4. Ministry: It was really encouraging to see the fruits of the ministries that have been started in Indonesia. The first couple of nights we were in Bandung we stayed with a couple that has served in Indonesia for 32 years. They actually moved back to the US while we were there, but the fruits of their labor were very evident and encouraging to see. We met a friend of Caleb's that is a leader on a campus ministry team whose father had been discipled by the man of the couple that had been in Indonesia for 32 years. Luke and I were really challenged to think about how we can be intentional where the Lord has placed us and how we can best serve Him and the people that He has placed in our lives.

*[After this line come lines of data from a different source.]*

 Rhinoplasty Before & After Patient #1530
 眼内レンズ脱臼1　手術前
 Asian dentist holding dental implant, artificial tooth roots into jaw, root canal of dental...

5. Beauty: While I would not necessarily say that the cities were overly asthetically pleasing, we saw some amazing beauty in the rural parts of Indonesia. We saw valleys of hand-farmed rice patties, active volcanoes, mountains, jungles, and amazingly clear blue water with gorgeous coral, sea animals, and fish. Definitely much different scenery than you see in Kansas or southern Germany! We also got to experience some traditional Indonesian music and dance while we were there that was beautiful as well! We both really enjoyed experiencing the culture and the friendliness of the people of Indonesia.